→ Supplied data:
___

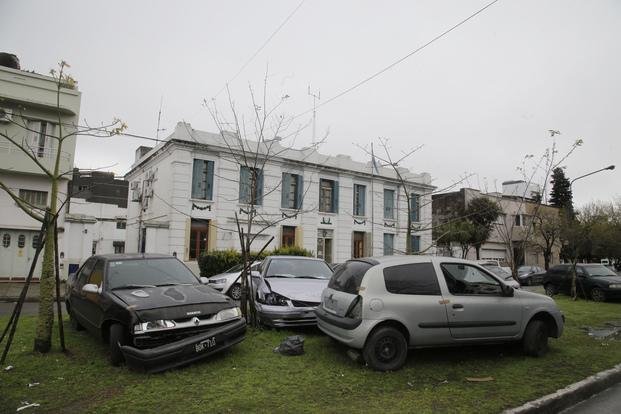 Vecinos hartos de autos arrumbados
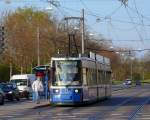 R2.2 Wagen 2170 bei der Haltestelle Leonrodplatz am 08. April 2011.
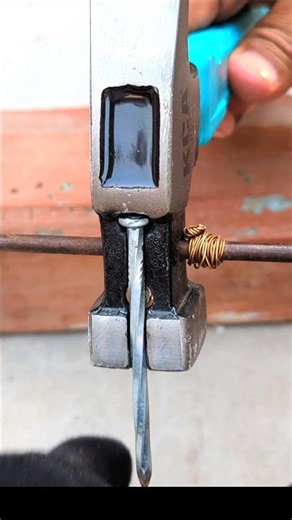 Magnet Claw Hammer Smart Nail Fixing New Tool #hammer #tools #newtools #shortsfeed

___

Return the material exactly as it reads, though without the pictures it holds.

 Vecinos hartos de autos arrumbados
 R2.2 Wagen 2170 bei der Haltestelle Leonrodplatz am 08. April 2011.
 Magnet Claw Hammer Smart Nail Fixing New Tool #hammer #tools #newtools #shortsfeed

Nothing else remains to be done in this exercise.